Ma ora che un lampo di comprensione ha squarciato il velo dell’ignoranza, non potrai più perdere in modo definitivo il riconoscimento che “TU” sei la Coscienza che si manifesta attraverso le varie forme, invece che, come hai sempre creduto, una forma personale, separata e limitata.
Grazie ancora per il tuo prezioso contributo Sophia, spero che questa risposta e gli altri articoli del blog possano essere utili alla tua riflessione e a questo importante momento di “svolta”, come lo hai definito, e mi auguro che il nostro dialogo possa continuare.
Un caro saluto
Sophia
19 aprile 2015 @ 8:03
Grazie Moksha,
quindi la coscienza è un ininterrotto fluire che l’ego si illude di gestire, controllare, capire, fermare, trasformare, cambiare. In realtà, noi siamo quel fluire, ne più, ne meno.
Certo che è una rivoluzione interiore vera e propria e immagino che, come dici tu, quella che è ora una presa di coscienza “mentale” dovrà poi diventare un esperienza più profonda e completa.
a presto
Sophia
Moksha
19 aprile 2015 @ 13:57
Cara Sophia,
la vera illusione è che l’ego sia reale, che esista “qualcosa” che “possiede” una coscienza (un essere umano per esempio) e qualcosa che non la possiede (per esempio una pietra). La Realtà è che tutto ciò che appare è Coscienza, una sua “forma”, una sua “vibrazione”, da essa mai “separato” (non due), mai diverso, mai “altro”.

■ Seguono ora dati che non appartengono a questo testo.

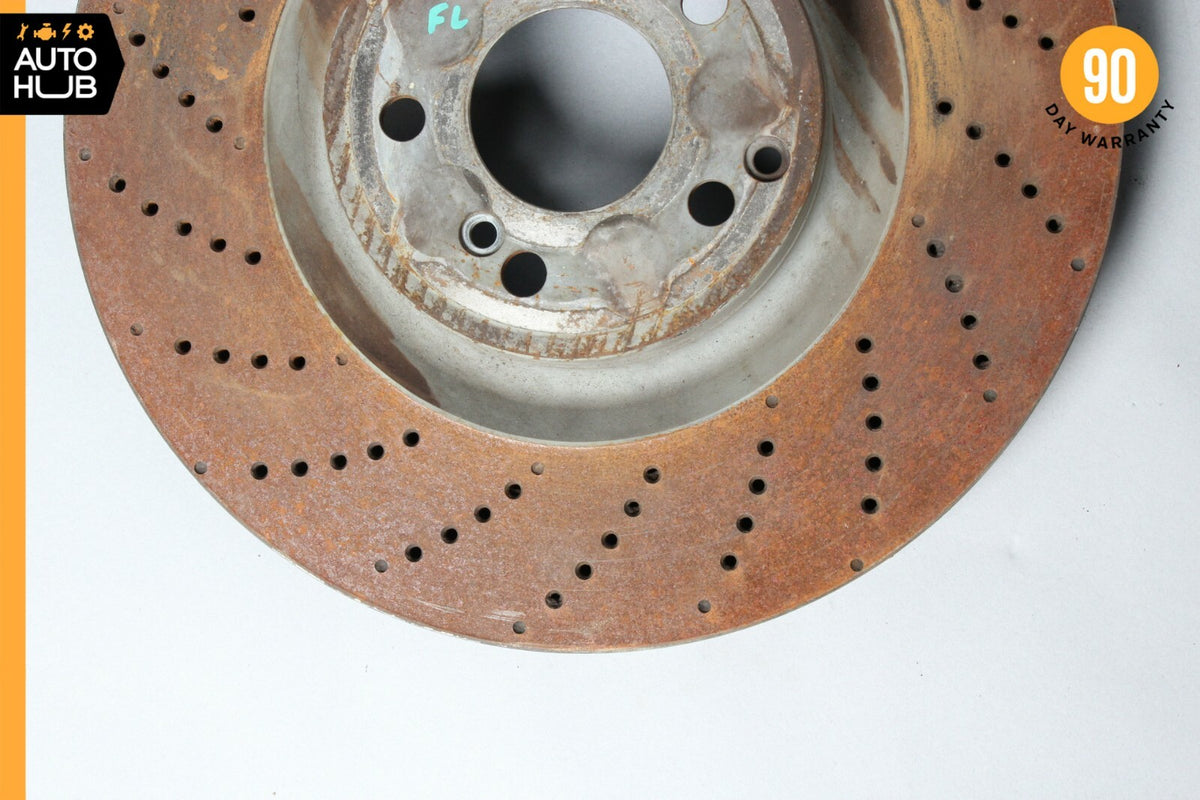 Mercedes W204 C63 AMG E550 Front Left & Right Drilled Disc Brake Rotors OEM 72k - photo 4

Non è facile trovare le parole che descrivano l’indescrivibile, quindi capisco che l’immagine del “flusso” possa corrispondere all’esperienza che il sé separato fa della vita, ma in realtà non c’è nulla che “fluisce”, la Coscienza non si muove da un punto ad un altro, non si sposta, non cambia stato, piuttosto si manifesta nell’eterno presente, nell’infinito qui, non essendo mai altro da se stessa.
Chissà se queste parole riescono a offrirti utili indicazioni o fanno sorgere ulteriori domande.
Se così fosse non esitare a porle, le domande sono sempre benvenute, anzi sono il vero motivo per cui esiste questo blog. La Coscienza chiede e la Coscienza risponde, assistere a questo dialogo è sempre meraviglioso.
Grazie
un abbraccio
Jane
20 settembre 2015 @ 23:50
Siiiii. Sono anche io a questo punto 😉
luca
17 marzo 2017 @ 11:30
Ci sei ci sei…..se hai voglia scrivimi nella mail…. magari un giorno c incontreremo….. ho letto alcuno tuoi articoli specie quelli sui sogni….e sono le stesse conclusioni a cui ero giunto….ma c’è ancora di più forse…peccato che ogni giorno cerchino di distruggercelo…
luca
17 marzo 2017 @ 11:32
E volevo farti sapere che sei su un binario comune con altri. …quindi la tua è effettivamente una realtà!
Monica
18 marzo 2017 @ 0:16
Ciao Luca,
grazie per il tuo commento. Se vorrai condividere qualcosa di più di te, della tua esperienza e della tua comprensione mi farà molto piacere ascoltarti per percepire il senso di affinità e comunanza di cui mi parli.